The decision, announced at the end of the Bank of Botswana’s first Monetary Policy Committee (MPC) meeting of the year, extends a pause that began in December, following a cumulative 160 basis-point hike in October, from 1.9% to 3.5%. The October increase marked the first rate rise since June 2022.
In its statement, the bank said it resolved to “maintain the Monetary policy Rate (MoPR) at 3.5 percent; conduct the 7-day Bank of Botswana Certificates auctions, repos and reverse repos at the MoPR of 3.5 percent.”
The bank also kept the Standing Deposit Facility (SDF) rate at 2.5%, 100 basis points below the MoPR, and the Standing Credit Facility (SCF) rate at 4.5%, 100 basis points above the benchmark. It added that it would continue enforcing its directive preventing commercial banks from increasing their Prime Lending Rates.
Inflation pressures build
The MPC’s decision reflects a delicate balancing act between supporting a fragile recovery and containing mounting price pressures.
Annual inflation rose to 4.1% in January from 3.9% in December, driven by higher food, transport, and health-related costs. On a month-on-month basis, the consumer price index increased 0.6%, from 139.6 in December 2025 to 140.5 in January. Core inflation edged up to 4.6% from 4.5%, according to Statistics Botswana.
The bank now projects average inflation at 4.5% this year and 4.7% next year.
However, policymakers warned that risks are tilted to the upside. A proposed electricity tariff increases from April, potential hikes in public transport fares and the impact of a recent foot-and-mouth disease outbreak on meat supplies could intensify price pressures.
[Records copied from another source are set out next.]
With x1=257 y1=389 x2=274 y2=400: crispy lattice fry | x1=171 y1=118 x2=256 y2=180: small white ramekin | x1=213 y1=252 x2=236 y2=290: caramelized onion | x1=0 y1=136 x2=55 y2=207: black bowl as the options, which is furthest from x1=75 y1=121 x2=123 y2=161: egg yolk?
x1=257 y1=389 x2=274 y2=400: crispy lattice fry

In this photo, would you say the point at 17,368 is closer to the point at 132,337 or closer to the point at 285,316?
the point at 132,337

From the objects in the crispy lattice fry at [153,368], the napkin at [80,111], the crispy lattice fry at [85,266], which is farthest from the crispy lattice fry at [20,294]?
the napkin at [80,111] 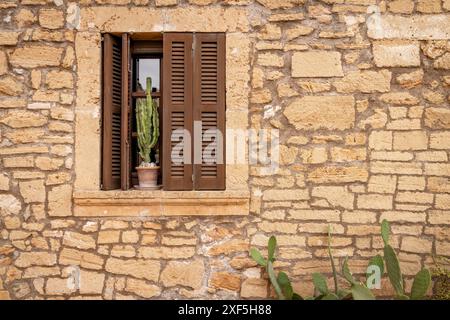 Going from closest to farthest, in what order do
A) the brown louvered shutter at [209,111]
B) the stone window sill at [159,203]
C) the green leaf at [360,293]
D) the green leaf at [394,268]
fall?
the green leaf at [360,293] → the green leaf at [394,268] → the stone window sill at [159,203] → the brown louvered shutter at [209,111]

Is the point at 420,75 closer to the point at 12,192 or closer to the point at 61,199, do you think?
the point at 61,199

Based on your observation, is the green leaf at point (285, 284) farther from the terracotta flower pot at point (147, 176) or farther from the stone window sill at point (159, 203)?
the terracotta flower pot at point (147, 176)

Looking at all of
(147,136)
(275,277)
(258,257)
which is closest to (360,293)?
(275,277)

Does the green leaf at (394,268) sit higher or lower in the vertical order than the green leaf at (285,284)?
higher

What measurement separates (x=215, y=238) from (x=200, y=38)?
5.55 ft

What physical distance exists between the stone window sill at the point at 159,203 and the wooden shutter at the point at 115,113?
0.55ft

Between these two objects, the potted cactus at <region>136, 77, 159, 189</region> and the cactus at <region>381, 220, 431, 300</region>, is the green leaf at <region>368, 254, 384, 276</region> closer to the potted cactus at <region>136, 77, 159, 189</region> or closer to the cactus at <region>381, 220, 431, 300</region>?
the cactus at <region>381, 220, 431, 300</region>

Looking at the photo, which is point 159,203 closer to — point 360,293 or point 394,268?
point 360,293

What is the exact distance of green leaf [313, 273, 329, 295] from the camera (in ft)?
10.8

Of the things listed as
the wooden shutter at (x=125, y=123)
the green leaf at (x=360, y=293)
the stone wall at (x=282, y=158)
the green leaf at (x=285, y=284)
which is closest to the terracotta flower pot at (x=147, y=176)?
the wooden shutter at (x=125, y=123)

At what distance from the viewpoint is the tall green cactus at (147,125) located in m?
3.64

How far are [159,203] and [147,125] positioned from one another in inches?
26.8

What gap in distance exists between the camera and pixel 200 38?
3.59 meters

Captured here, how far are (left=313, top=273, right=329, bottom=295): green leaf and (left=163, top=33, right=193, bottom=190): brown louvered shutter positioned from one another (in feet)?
4.11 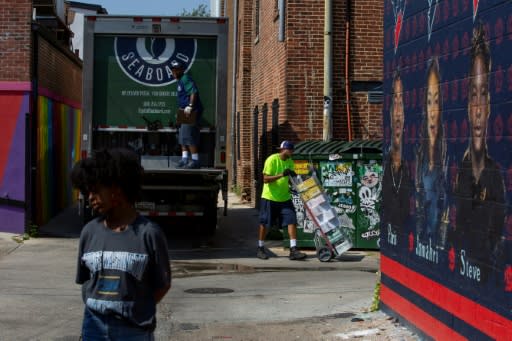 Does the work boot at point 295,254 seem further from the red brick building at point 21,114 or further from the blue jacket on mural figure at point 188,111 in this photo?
the red brick building at point 21,114

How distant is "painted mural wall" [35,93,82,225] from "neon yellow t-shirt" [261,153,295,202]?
18.0 feet

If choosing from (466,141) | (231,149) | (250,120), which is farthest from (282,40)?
(231,149)

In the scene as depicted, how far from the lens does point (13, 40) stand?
16328 millimetres

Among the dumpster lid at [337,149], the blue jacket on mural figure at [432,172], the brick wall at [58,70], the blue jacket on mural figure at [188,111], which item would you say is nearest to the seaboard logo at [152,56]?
the blue jacket on mural figure at [188,111]

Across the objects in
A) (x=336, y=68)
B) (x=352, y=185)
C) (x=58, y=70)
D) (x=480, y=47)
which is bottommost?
(x=352, y=185)

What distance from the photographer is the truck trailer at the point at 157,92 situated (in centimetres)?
1516

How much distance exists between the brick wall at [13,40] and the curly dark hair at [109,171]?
12.5 metres

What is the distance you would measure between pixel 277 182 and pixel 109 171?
30.4 ft

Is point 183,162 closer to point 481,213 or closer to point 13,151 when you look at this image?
point 13,151

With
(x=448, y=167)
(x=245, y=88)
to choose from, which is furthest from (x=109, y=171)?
(x=245, y=88)

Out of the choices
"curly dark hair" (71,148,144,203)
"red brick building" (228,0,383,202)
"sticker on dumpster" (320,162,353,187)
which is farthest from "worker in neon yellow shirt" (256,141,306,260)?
"curly dark hair" (71,148,144,203)

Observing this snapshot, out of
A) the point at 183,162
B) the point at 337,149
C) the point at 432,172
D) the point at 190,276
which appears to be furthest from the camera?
the point at 183,162

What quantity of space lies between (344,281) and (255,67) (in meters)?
13.7

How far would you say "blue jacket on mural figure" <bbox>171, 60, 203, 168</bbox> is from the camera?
14.7 m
“There is a greater risk of inflation being higher than currently projected,” the committee said.
The bank also flagged the proposed “reduction in VAT zero-rated items in the 2026/27 Budget” as a potential inflationary factor. External risks remain elevated, including higher global commodity prices, logistics bottlenecks, and the impact of US trade tariffs and geopolitical tensions.
Despite these concerns, the committee maintained that inflation is likely to remain within its objective range over the medium term.
“The economy is expected to continue to operate below full capacity in the short-to-medium term,” the committee said. “Inflation is projected to be within the objective range in the medium term. This outlook supports maintaining a broadly accommodative monetary policy stance that would support economic activity.”
Economic growth has struggled to regain traction. “Real gross domestic product (GDP) grew by 0.1 percent in the twelve months to September 2025, marking a modest recovery from the 1.7 percent contraction in the corresponding period of 2024,” the bank said, noting that non-mining sectors underpinned the rebound.
Still, “the pace of growth remains weak and fragile,” it acknowledged.
Looking ahead, the bank struck a cautiously optimistic tone. “Economy is expected to recover in 2026, with a projected 3.1 percent growth,” it said. “The recovery is anticipated to be driven primarily by expected stronger performance in non-mining sectors, supported by the effective implementation of economic diversification initiatives.”
For investors, the decision signals policy continuity amid external uncertainty and domestic structural challenges, as Botswana navigates a narrow path between safeguarding price stability and nurturing a still-fragile recovery.